Henderson equation : The pH of an acid buffer can be calculated from the dissociation constant, Ka, of the weak acid and the concentrations of the acid and the salt used.


Henderson equation : The pH of an acid buffer can be calculated from the dissociation constant, Ka, of the weak acid and the concentrations of the acid and the salt used.

 

The dissociation expression of the weak acid, HA, may be represented As

HA < -- -- -- > H+ + A-

Ka = [H+][A-] / [HA]

[H+] = [HA] K/ [A-]       1

The weak acid is only slightly dissociated and its dissociation is further depressed by the addition of the salt (Na+ A- ) which provides A- ions (Common ion effect). As a result the equilibrium concentration of the unionised acid is nearly equal to the initial concentration of the acid. The equilibrium concentration [A- ] is presumed to be equal to the initial concentration of the salt added since it is completely dissociated. Thus we can write the equation (1) as

 

[H+] = Ka ([acid] / [salt] )   .. ..2

where [acid] is the initial concentration of the added acid and [salt] that of the salt used.

 

Taking negative logs of both sides of the equation (2), we have

-log[H+] = -logKa - log ([acid]/[salt])

-log[H+] = pH and -logKa = pKa

pH = pKa + log ([salt]/[acid])

This relationship is called the Henderson-Hasselbalch equation or simply Henderson equation.

In a similar way, the Henderson-Hasselbalch equation for a basic buffer can be derived. This can be stated as :

pOH = pKb + log ([salt]/[acid])

Significance of the Henderson-Hasselbalch equation. With its help

 

1. The pH of a buffer solution can be calculated from the initial concentrations of the weak acid and the salt provided Ka is given.

 

However, the Henderson-Hasselbalch equation for a basic buffer will give pOH and its pH can be calculated as (14 - pOH).

 

2. The dissociation constant of a weak acid (or weak base) can be determined by measuring the pH of a buffer solution containing equimolar concentrations of the acid (or base) and the salt.

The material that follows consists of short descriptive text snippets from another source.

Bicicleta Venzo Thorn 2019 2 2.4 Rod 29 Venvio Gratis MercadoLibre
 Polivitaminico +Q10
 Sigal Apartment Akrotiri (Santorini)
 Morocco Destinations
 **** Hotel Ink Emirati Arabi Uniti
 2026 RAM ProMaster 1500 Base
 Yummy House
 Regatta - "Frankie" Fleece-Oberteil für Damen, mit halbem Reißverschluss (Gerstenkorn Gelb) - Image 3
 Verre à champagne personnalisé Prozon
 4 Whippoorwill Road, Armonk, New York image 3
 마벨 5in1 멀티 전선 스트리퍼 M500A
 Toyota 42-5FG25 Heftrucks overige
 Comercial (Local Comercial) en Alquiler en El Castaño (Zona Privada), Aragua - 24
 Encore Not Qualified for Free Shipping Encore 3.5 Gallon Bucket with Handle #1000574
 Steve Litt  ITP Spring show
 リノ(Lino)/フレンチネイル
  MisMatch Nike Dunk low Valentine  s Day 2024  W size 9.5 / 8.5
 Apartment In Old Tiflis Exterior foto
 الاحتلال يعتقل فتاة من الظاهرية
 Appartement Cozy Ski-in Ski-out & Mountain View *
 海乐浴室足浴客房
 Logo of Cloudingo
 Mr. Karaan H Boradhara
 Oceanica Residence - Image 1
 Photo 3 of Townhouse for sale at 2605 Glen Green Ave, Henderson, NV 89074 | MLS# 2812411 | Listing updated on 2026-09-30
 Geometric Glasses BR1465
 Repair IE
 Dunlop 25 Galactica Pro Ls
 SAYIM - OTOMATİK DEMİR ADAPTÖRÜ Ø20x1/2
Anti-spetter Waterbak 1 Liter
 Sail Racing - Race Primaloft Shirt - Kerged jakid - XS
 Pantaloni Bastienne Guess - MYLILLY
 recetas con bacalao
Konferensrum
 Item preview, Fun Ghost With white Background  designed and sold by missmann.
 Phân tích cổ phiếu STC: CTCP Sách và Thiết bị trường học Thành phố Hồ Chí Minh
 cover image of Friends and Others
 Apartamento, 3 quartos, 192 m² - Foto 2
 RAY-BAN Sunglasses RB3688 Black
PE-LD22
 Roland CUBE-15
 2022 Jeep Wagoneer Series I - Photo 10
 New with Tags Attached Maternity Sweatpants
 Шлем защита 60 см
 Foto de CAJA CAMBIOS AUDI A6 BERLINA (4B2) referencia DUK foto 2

Since, [salt] = [acid],   log ([salt]/[acid]) = log 1 =0

pKa = pH

The measured pH, therefore, gives the value of pKa of the weak acid.

 

Likewise we can find the pKb of a weak base by determining the pOH of equimolar basic buffer.

 

3. A buffer solution of desired pH can be prepared by adjusting the concentrations of the salt and the acid added for the buffer.

It is noteworthy that buffer solutions are most effective when the concentrations of the weak acid (or weak base) and the salt are about equal. This means that pH is close to the value of pKa of the acid (or pKb of the base).